- **Exercise instructions**
Leave out the pictures, and quote exactly the lines running from the one with "فلسطين – مستوطنون" through the last line of the entries below.

- **Pictures with short captions**
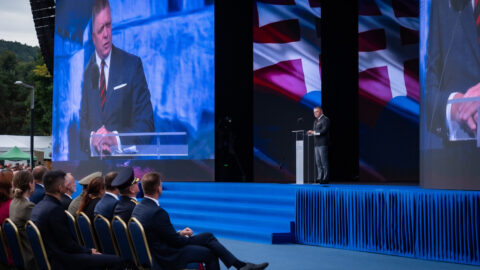 Premiér: Fašizmus a nacizmus nebol ani potlačený, ani potrestaný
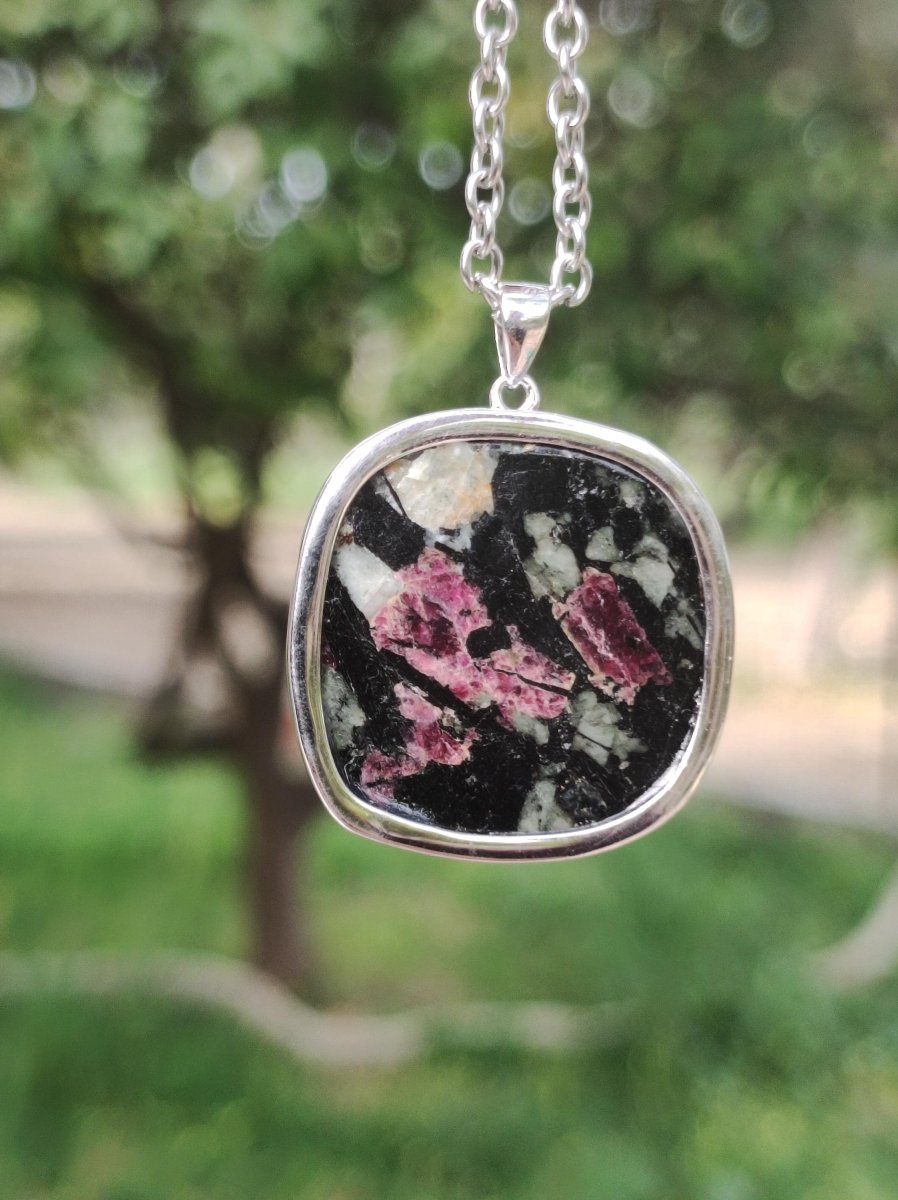 Eudialyt - 925 Sterling Silber Edelstein Kette rot schwarz Unikat Rarität Heilstein Natur selten Ethno Mann Frau Er Sie Geschenk Freund - Art of Nature Berlin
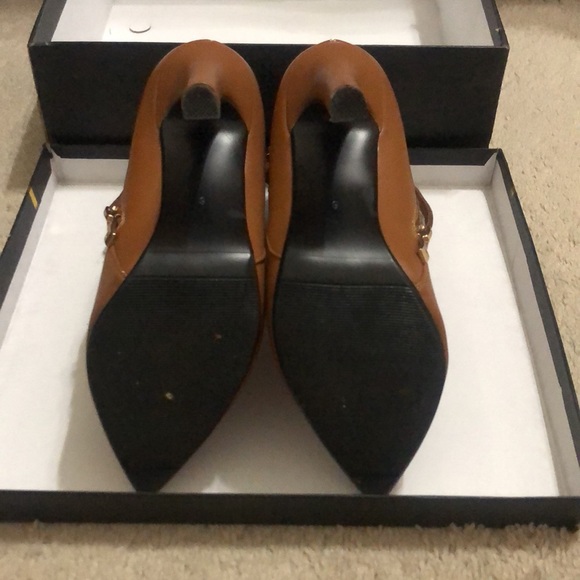 Beautiful Tan Mid-Calf Heels , size 6,  3inch ,only worn once. - Picture 4 of 8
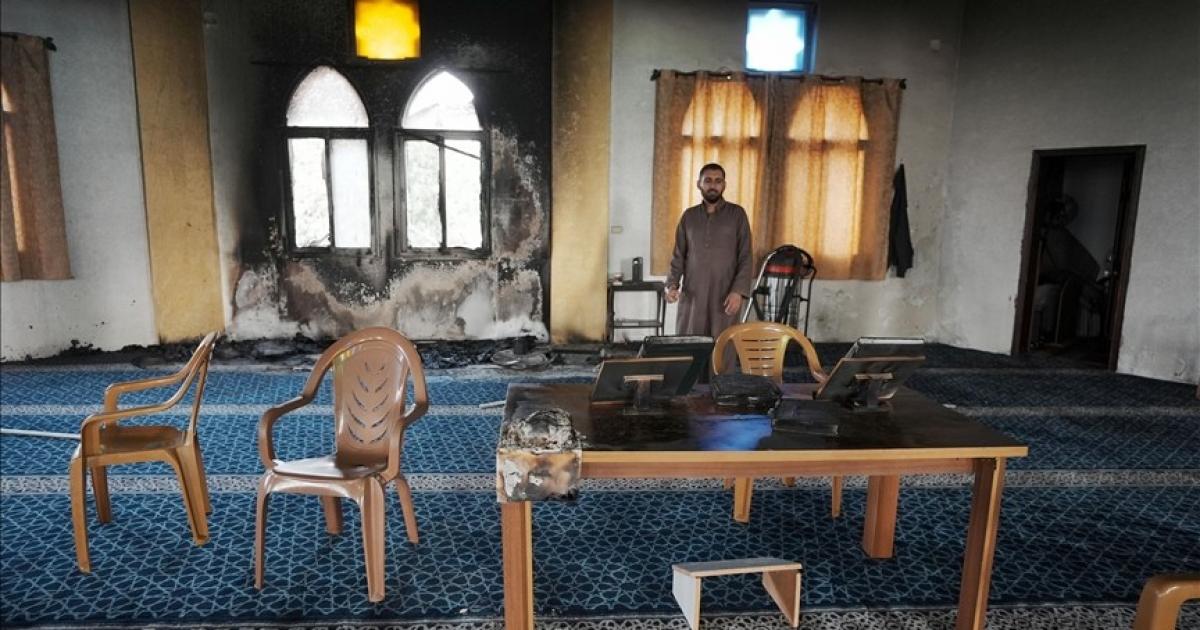 فلسطين – مستوطنون يدمرون محتويات مسجد شمال الضفة الغربية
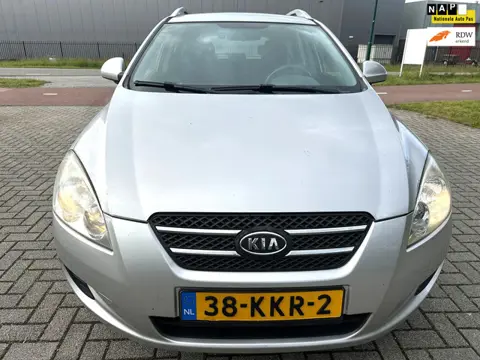 Kia Cee'd Sporty Wagon 1.4 X-tra Navi Clima Cruise Trekhaak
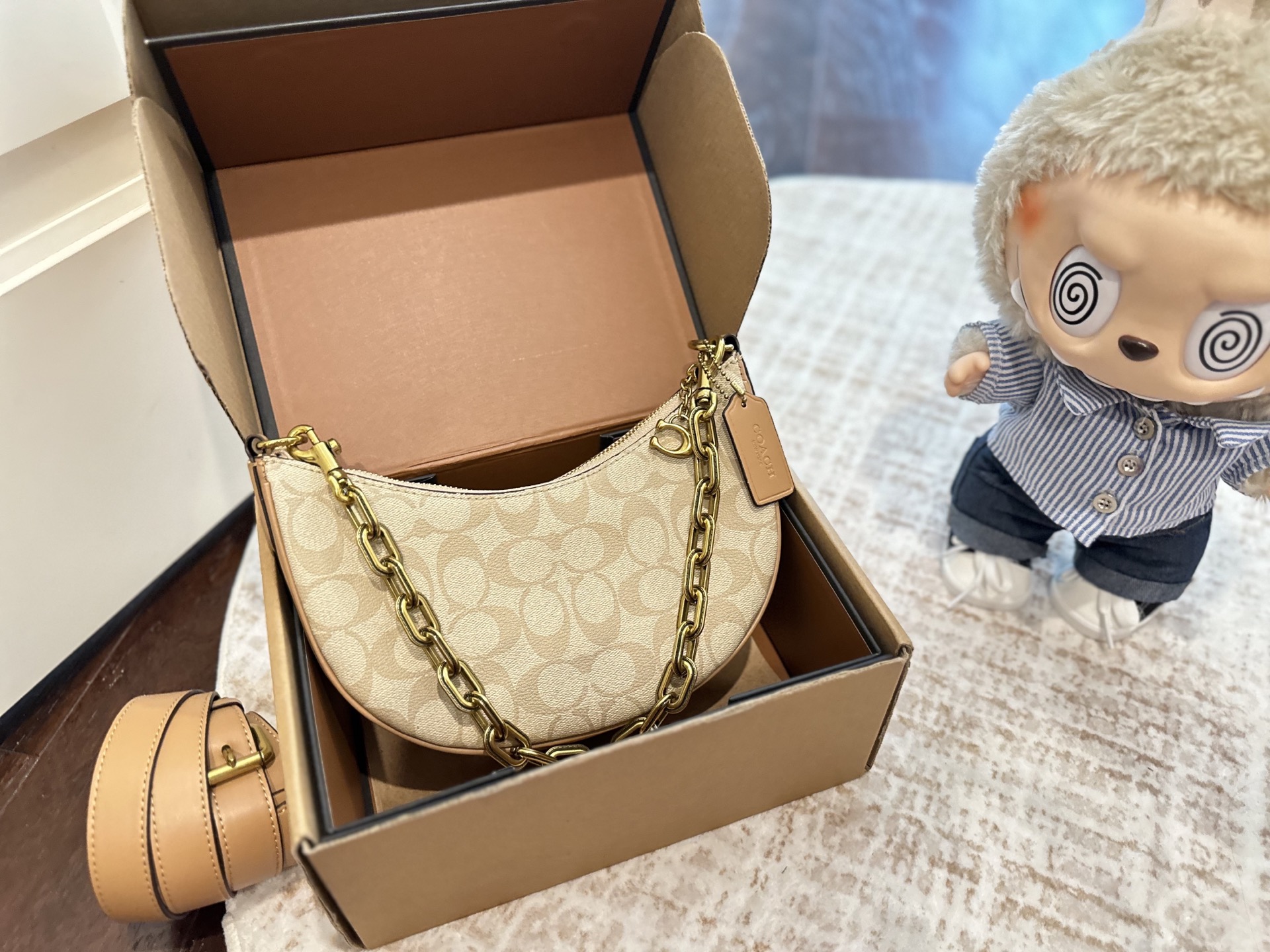 💰260 礼盒包装 蔻驰 COACH 月牙马车单肩包. 轻松演绎复古时髦 包型挺阔 简约而不简单不需要过多的装饰 日常搭配西装和T恤 就能将高级感体现的淋漓尽致 尺寸:23cm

- **Result**
 فلسطين – مستوطنون يدمرون محتويات مسجد شمال الضفة الغربية
 Kia Cee'd Sporty Wagon 1.4 X-tra Navi Clima Cruise Trekhaak
 💰260 礼盒包装 蔻驰 COACH 月牙马车单肩包. 轻松演绎复古时髦 包型挺阔 简约而不简单不需要过多的装饰 日常搭配西装和T恤 就能将高级感体现的淋漓尽致 尺寸:23cm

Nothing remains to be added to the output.